That calculation does not make sense. What has individual molecule residence time in common with atmospheric CO2 concentration, or limits to it?

Because that's how long anthropogenic CO2 can accumulate in the atmosphere before absorption.


And why are you multiplying emission mass with average molecular residence time?

That is not what I am doing. If I were to multiply the natural emissions of 771gtons/year by the atmospheric residence time of 3.8 years for a CO2 molecule I would have arrived at the calculation of 771*3.8 = 2929. Clearly that is not what I did, is it?

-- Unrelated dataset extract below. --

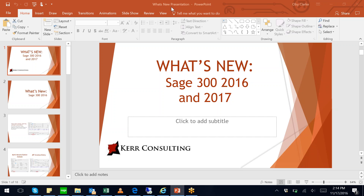The session wrapped up with the host thanking everyone for joining. Attendees were invited to call their consultant or the home office with any questions. The main office number is 281-364-8783, and direct dial is 281-528-1090.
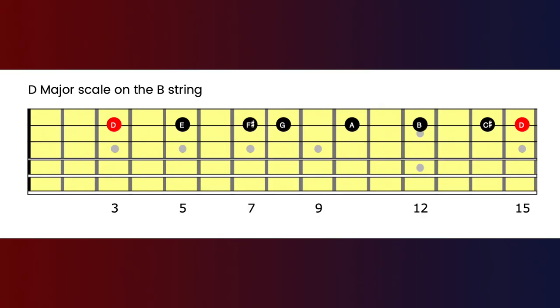This formula will yield all other major scales — start from any note and it gives you that major scale. If we stay on the same string but start at fret three, we get D major: D, move a tone to E at fret five, a tone to F sharp at fret seven, a semitone to G at fret eight, tone to A at fret ten, tone to B at fret twelve, tone to C sharp at fret fourteen, and a semitone back to D. That intervallic formula, wherever you start, gives you the major scale from that start note.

What I did, is I took the average residence time for a CO2 molecule given by the IPCC to calculate how long anthropogenic CO2 can remain in the atmosphere before it is absorbed. The IPCC present the following formula in AR4 to calculate residence time: T = M/S. Where T stands for residence time, M stands for atmospheric mass and S is the rate of removal. Hence when we plug the IPCC's figures into that equation we get: 3000/771 = 3.8 years. Anthropogenic CO2 emissons are 29gtons/year. Therefore 29*3.8 = 110gtons/13.75ppm. Thus 13.75ppm is the theoretical maximum amount of anthropogenic CO2 in the atmosphere at any given time. Since the sinks should not discriminate between anthropogenic CO2 and natural CO2 that residence time holds for all CO2 (apart from CO2 with C14 which the sinks do discriminate against. I gather this discrimination is due to kinetic absorption and dissolution differences).


If you fill the pool with one hose, and empty it with another smaller hose, it is still possible to fill it without any limit, even when average individual molecule residence time is much smaller than the time it takes the pool to fill (and is certainly not infinite).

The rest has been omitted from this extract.